ÇEKİLME KARARI VE SONRASI
Ancak bütün karşı çıkışlara rağmen 20 Mart 2021 tarihinde gece yarısı çıkarılan Cumhurbaşkanlığı Kararnamesi’yle Türkiye sözleşmeden geri çekildi. Bu tarihten sonra kadınlar birçok kentte sokaklara çıkarak, karara tepki gösterdi. Nöbet eylemleri başlattı. Yine Avrupa Konseyi (AK) ve Birleşmiş Milletler (BM) temsilcileri de kadın haklarında geri adım atan Türkiye’ye tepki göstererek, kararın gözden geçirilmesi çağırısında bulundu.
TEPKİ YAĞDI
Feshedilmesinin hemen ardından 77 baro ve Türkiye Barolar Birliği Kadın Hukuku Komisyonu (TÜBAKKOM), çekilme kararının hukuka aykırı olduğunu ve sözleşmenin halen yürürlükte olduğunu açıkladı. Yine aralarında Avrupa Kadın Lobisi’nde bulunduğu birçok uluslararası kadın örgütü karara karşı Türkiyeli kadınlarla dayanışma mesajı yayınlarken, aynı zamanda yaptıkları eylemlerle destek verdi. Birçok Avrupa devleti de karara tepki gösterdi.
MUHALEFET KARŞI ÇIKTI
Sokak ve yargı yolunda mücadele veren kadınlar, Meclis’te de boş durmadı. 22 HDP'li kadın milletvekili Aile, Çalışma ve Sosyal Hizmetler Bakanı’na bir soru önergesi yöneltti. "İstanbul Sözleşmesi'ni Uygula" kampanya grubu, İstanbul’da kulelere, köprülere “İstanbul Sözleşmesi Bizim. Vazgeçmiyoruz!” yazılı pankartları astı. Pankart eylemi daha sonra birçok ilde kitleselleşirken, siyasi partilerin binaları olmak üzere birçok kurumda asıldı.
BASKILAR
Daha sonra sözleşmeden çekilme kararına gösterilen tepkiler baskı altına alınmak istendi. İlk olarak İçişleri Bakanlığı bilbordlara İstanbul Sözleşmesi ile ilgili afişler asan Bilecek Belediye Başkanı hakkında soruşturma başlattı. Daha sonra Mersin’de sokağa çıkan 6 kadına para cezası verildi. Yine Kadın Cinayetlerini Durduracağız Platformu’nun İstanbul Zincirlikuyu’da bir binaya astığı üzerinde "Ölmek istemiyorum" yazan şikayet dilekçesi polis tarafından indirildi. 6 Nisan tarihinde ise 4 İranlı mülteci Denizli’de İstanbul Sözleşmesi eylemine katıldığı için haklarında sınır dışı edilme kararı verildi. Yine Artvin, Uşak ve Trabzon gibi şehirlerde İstanbul Sözleşmesi pankartları asan Sol Parti üyeleri gözaltına alındı, serbest bırakıldı.
İPTAL DAVASI
Öte yandan Adana, Ankara, Antalya, Bursa, İstanbul, İzmir, Mersin aralarında olmak üzere 35 baro, 3718 sayılı Cumhurbaşkanı Kararı’nın fonksiyon gaspı nedeniyle yok hükmünde olduğu ve Anayasa’nın 104. maddesine aykırı olduğu nedenîyle yürütmenin durdurulması talebiyle Danıştay’a dava açtı.

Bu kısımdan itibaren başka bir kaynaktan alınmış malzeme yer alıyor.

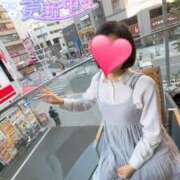 ヒメ日記 2025/05/07 15:07 投稿 りか 横浜人妻花壇本店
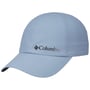 Silver Ridge Cap by Columbia blau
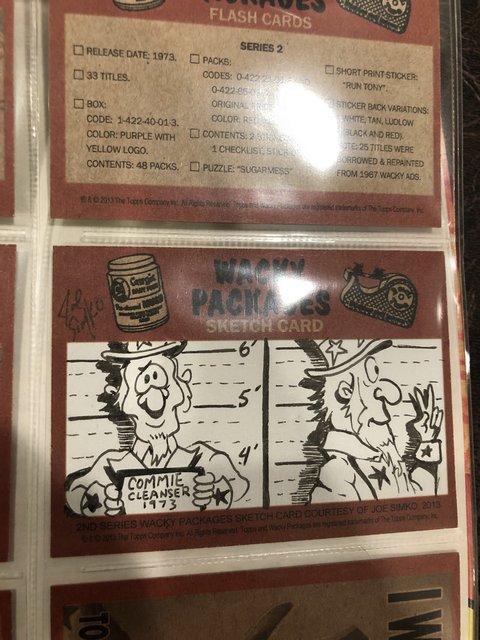 yb1ZRL9CTtOvGRTBinnteQ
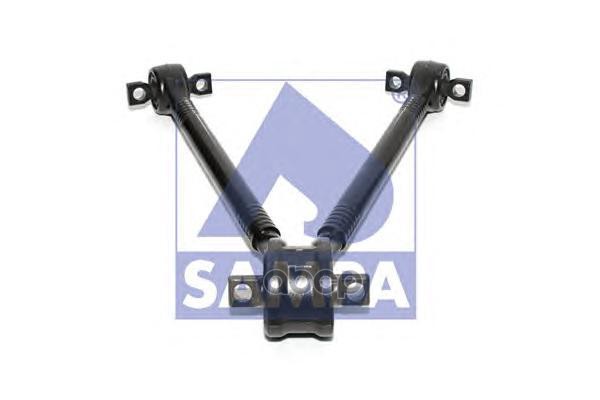 V-Образная Тяга SAMPA арт. 095.406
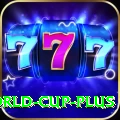 2022 icc men's t20 world cup VIP PK v3.0.9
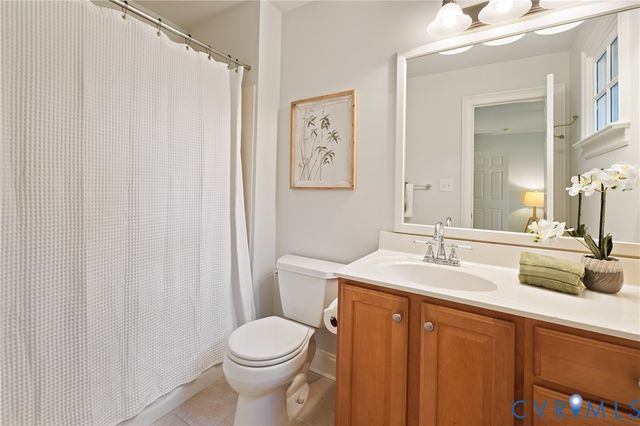 2924 Skipton Rd, Richmond, VA 23225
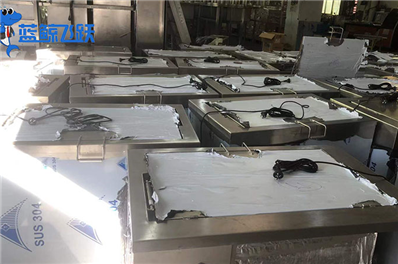 解析光伏青青草网站下载：原理、优势与未来趋势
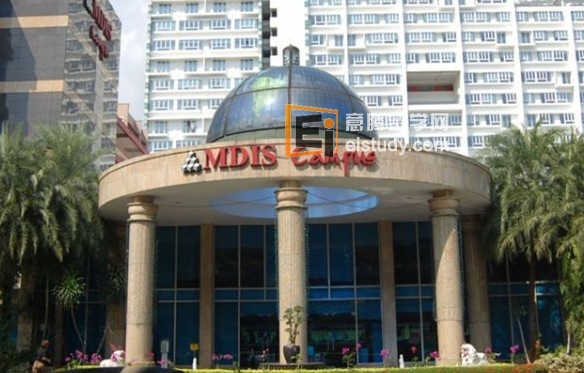 20121208024602989-1 新加坡管理发展学院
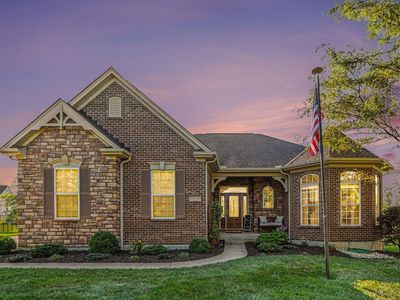 9403 Riviera Dr, Union, KY, 41091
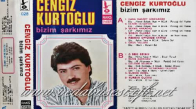 Cengiz Kurtoğlu - Sana Hasret Gideceğim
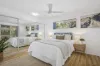 56 Cattle Brook Road, Port Macquarie, NSW 2444-Image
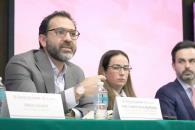 Enfrentará México a fabricantes de armas en Corte de EU Enfrentará México a fabricantes de armas en Corte de EU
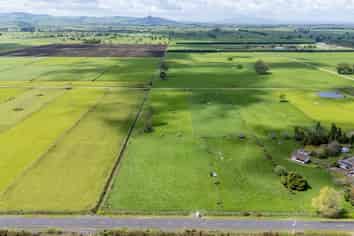 630 Holland Road, Eureka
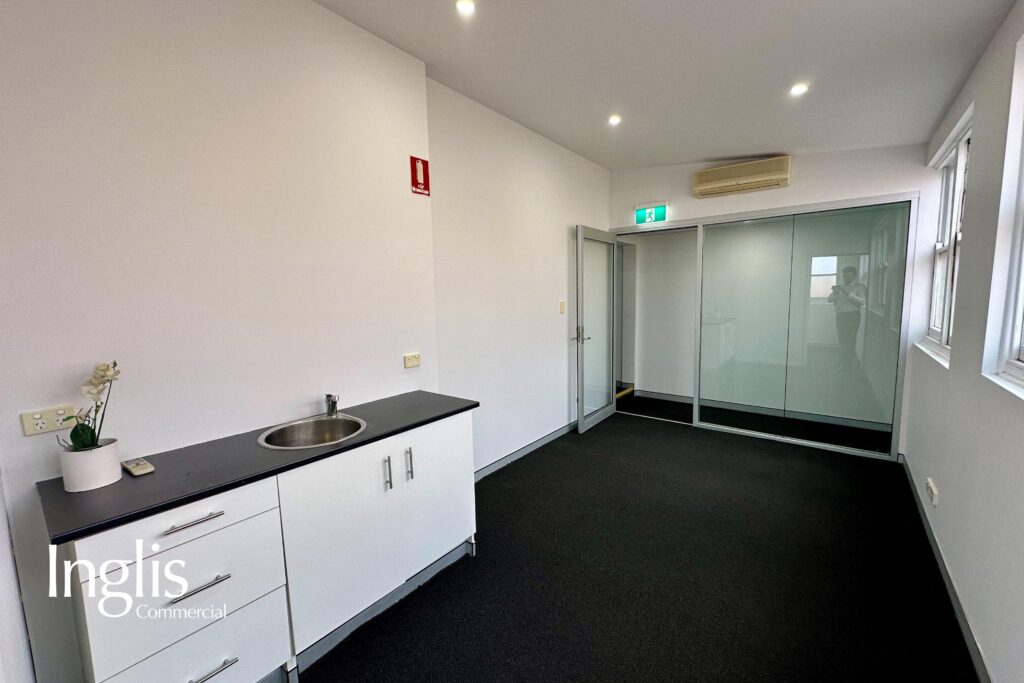 190 Argyle Street, CAMDEN, NSW 2570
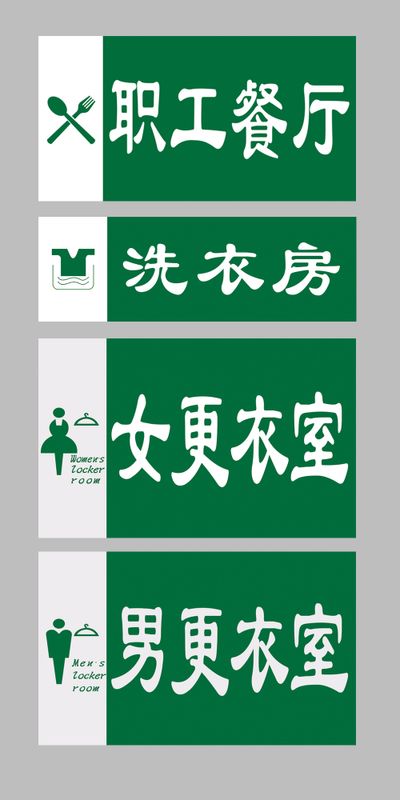人工智能新规出台：2025年全面提升合成内容透明度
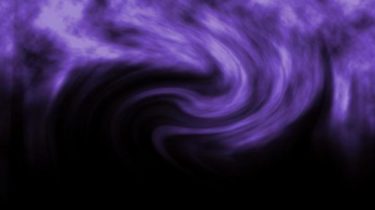 闇属性の人の9のスピリチュアルな特徴とは？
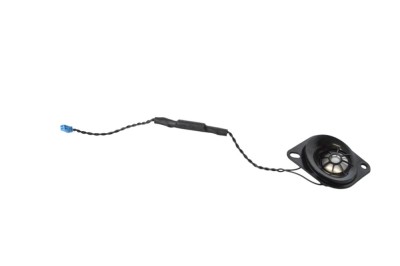 Difuzor ușă st&amp;acirc;nga față BMW 4 Coupe F32, F82 2019 OEM: 9226358 24470271 foto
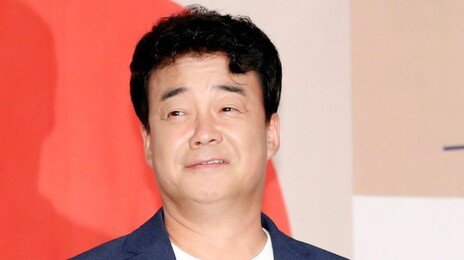 ‘방송 중단’ 백종원, 617만 구독자 유튜브 개편…“풍성한 콘텐츠 위해”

Yine siyasi partilerde sözleşmenin iptal kararı için harekete geçti. HDP Kadın Meclisi, CHP Kadın Kolları Genel Başkanı Aylin Nazlıaka, Grup Başkanvekili Özür Özel parti adına, DEVA Partisi Kadın Politikaları Başkanlığı, Kadın Partisi ve İyi Parti Genel Başkanı Meral Akşener, İstanbul Sözleşmesi'ni fesheden Cumhurbaşkanı Kararı'nın iptali için Danıştay'a davalar açtı. Daha sonra aynı taleple Özgürlük için Hukukçular Derneği (ÖHD), Eğitim ve Bilim Emekçileri Sendikası (Eğitim Sen) ve Sağlık ve Sosyal Hizmet Emekçileri Sendikası (SES) Danıştay’a başvurdu.
Kurumsal başvuruların yanı sıra Çanakkale İstanbul Sözleşmesi İnisiyatifi’nden 19 kadın, sözleşmeden ve mücadeleden vazgeçemediklerini açıklayarak iptali için dava açtı.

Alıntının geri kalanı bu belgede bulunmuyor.